Таким образом, обращение к пластическим искусствам позволяет более полноценно совершить заочную экскурсию в сады и парки на уроках литературы, погружая учащихся в определенный тип культуры (в данном случае в сады раннего романтизма).

Невозможно без скульптуры представить и текст Петербурга. Кажется, в ней сосредоточены вся внутренняя энергия города, его жизненный тонус. Медный всадник, атланты у Малого Эрмитажа, сторожевые львы, укрощенные кони на Аничковым мосту, гордые сфинксы, бесчисленные кариатиды, поддерживающие своды дворцов, многочисленные скульптурные группы на Эрмитаже, боги и герои в Летнем саду, памятники императорам и деятелям культуры - все это превращает Петербург в место, где встречаются и живут в вечности времена, эпохи, культуры, а скульптуры становятся героями этого вечного действия. Поэтому любой петербургский текст непременно содержит в себе указания на эти культурные знаки. Вот молодой провинциал Александр Адуев приезжает покорять столицу, занять, как ему кажется, достойное место под солнцем. Еще толком не устроившись с жильем, он отправляется на поклон к Медному всаднику и замирает от переполняемого его восхищения. "Он с час простоял перед Медным всадником, - замечает автор "Обыкновенной истории", - но не с горьким упреком, как бедный Евгений, а с восторженной думой. Взглянул на Неву, окружающие ее здания - и глаза его засверкали" (I, 38-39).

Наиболее часто упоминаемой скульптурой великого города стал памятник Петру I на Сенатской площади. После пушкинской поэмы он является главным символом Петербурга и преображенной России в целом. Можно сказать, что Медный всадник сам стал своеобразным текстом, который можно специально исследовать в русской литературе.

Приведенные нами способы работы с текстами, в которых происходит взаимодействие словесности и пластических искусств, далеко не все исчерпаны, так как в каждом конкретном случае они определяются авторским методом и историко-культурными реалиями, из которых исходим при разработке каждого конкретного урока.

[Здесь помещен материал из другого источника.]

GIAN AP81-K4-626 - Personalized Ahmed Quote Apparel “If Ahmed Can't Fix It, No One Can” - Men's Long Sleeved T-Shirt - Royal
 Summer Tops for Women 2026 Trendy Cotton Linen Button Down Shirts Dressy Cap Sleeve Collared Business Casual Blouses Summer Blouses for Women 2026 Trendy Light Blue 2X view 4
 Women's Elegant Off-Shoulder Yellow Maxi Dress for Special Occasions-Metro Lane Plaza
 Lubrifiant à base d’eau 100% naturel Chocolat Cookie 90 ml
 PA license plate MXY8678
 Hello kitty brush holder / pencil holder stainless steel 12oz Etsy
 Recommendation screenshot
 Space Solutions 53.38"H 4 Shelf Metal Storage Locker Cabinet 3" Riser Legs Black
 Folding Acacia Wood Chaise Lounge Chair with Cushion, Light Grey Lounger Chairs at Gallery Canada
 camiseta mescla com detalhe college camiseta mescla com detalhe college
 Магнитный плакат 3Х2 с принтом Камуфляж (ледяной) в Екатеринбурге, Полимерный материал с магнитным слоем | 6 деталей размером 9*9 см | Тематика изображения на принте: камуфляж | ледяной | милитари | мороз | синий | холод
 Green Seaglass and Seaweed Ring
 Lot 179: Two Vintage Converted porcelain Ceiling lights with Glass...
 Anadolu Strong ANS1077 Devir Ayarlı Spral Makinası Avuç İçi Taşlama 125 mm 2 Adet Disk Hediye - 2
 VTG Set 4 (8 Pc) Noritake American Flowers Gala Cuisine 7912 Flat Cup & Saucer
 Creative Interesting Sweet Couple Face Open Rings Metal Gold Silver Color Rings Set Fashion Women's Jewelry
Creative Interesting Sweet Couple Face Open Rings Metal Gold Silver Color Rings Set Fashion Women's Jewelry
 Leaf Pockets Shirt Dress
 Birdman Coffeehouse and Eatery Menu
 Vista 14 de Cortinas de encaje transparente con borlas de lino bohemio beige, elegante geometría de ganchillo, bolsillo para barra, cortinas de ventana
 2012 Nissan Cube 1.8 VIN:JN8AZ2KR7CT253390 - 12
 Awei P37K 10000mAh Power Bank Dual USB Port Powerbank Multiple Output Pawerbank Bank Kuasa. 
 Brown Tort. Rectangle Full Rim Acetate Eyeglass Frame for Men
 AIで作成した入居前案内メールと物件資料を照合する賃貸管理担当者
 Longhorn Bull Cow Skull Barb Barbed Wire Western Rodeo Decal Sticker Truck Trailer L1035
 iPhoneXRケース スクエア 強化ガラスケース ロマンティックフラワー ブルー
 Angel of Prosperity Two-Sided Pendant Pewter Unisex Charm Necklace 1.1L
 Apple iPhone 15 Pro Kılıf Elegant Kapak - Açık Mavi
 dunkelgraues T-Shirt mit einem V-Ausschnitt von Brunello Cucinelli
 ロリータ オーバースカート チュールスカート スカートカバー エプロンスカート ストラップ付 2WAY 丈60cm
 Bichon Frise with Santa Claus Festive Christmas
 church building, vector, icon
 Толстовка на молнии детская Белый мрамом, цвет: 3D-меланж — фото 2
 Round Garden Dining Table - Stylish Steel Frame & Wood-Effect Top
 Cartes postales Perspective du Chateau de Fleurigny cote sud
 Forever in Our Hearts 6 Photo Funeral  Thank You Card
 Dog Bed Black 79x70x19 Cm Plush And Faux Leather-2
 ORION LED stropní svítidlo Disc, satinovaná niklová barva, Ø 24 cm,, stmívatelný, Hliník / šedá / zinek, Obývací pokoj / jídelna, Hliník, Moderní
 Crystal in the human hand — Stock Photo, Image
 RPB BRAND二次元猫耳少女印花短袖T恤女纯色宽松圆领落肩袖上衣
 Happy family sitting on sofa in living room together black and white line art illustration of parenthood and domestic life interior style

Выявление внутритекстовых связей искусств позволяет значительно усилить изобразительно-выразительную сторону словесного искусства, что качественно влияет на рецептивно-эстетическую и познавательную деятельность учащихся, способствует развитию общих и специальных компонентов читательских способностей, положительным образом сказывается на эстетическом постижении художественного текста. Практически каждый писатель расширяет границы своего произведения за счет возможностей других искусств. Это и определяет методику его анализа и интерпретации, в основу которой положены приемы культурологического комментария, синхронное обращение к упоминаемым в данном тексте произведениям смежных искусств, "дешифровка", "переложение" произведения искусств на язык словесного искусства, система творческих заданий и работ по обеспечению благоприятных условий синэстезии. Такая внутренняя связь искусств на уроках литературы расширяет художественное пространство произведения, позволяет учащимся прочитать его более эмоционально и концептуально, постигая авторскую модель мира и систему его ценностей.